Met de handel in softdrugs is veel geld te verdienen en dat dit ook daadwerkelijk is gebeurd, blijkt ook uit de bewijsmiddelen. Er wordt vaak over “pap” gesproken, een van de codewoorden voor “geld”, [verdachte] stuurt anderen aan om “pap” naar “ex” te brengen, waarmee volgens de politie de ex-vrouw van [verdachte] wordt bedoeld, en bij die ex-vrouw wordt uiteindelijk bij een doorzoeking een bedrag van ongeveer € 60.000,- gevonden. De ex-vrouw van de verdachte, mevr. [naam] heeft ook geen aannemelijk verklaring gegeven over de eigenaar van het geld.
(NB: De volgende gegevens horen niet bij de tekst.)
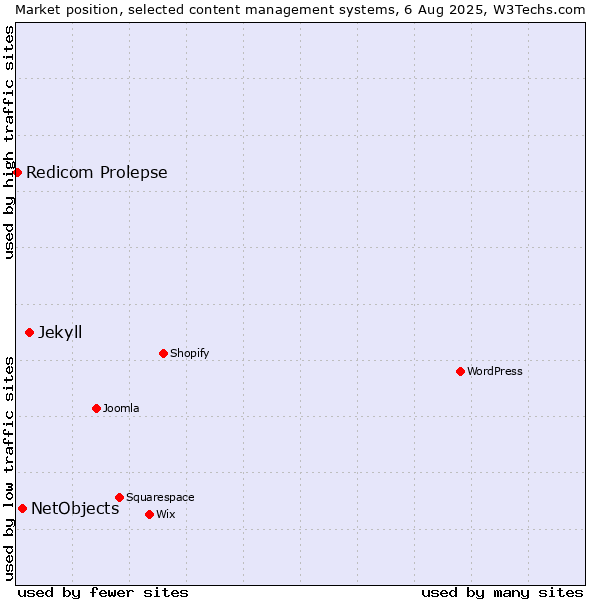 Market position of Jekyll vs. NetObjects vs. Redicom Prolepse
De rechtbank gaat er dan ook van uit dat dit geld toebehoorde aan [verdachte] . Dat dit pas is aangetroffen op een tijdstip dat buiten de periode van de ten laste gelegde feiten ligt, maakt niet dat dit niet kan meewegen voor het bewijs.
Conclusie
Gelet op hetgeen hiervoor is overwogen is de rechtbank van oordeel dat wettig en overtuigend bewezen is dat verdachte zich in de ten laste gelegde periode schuldig heeft gemaakt aan de handel in softdrugs (en uitvoer daarvan), alsmede aan het meermalen witwassen van geldbedragen die hij middels de handel in softdrugs heeft verkregen.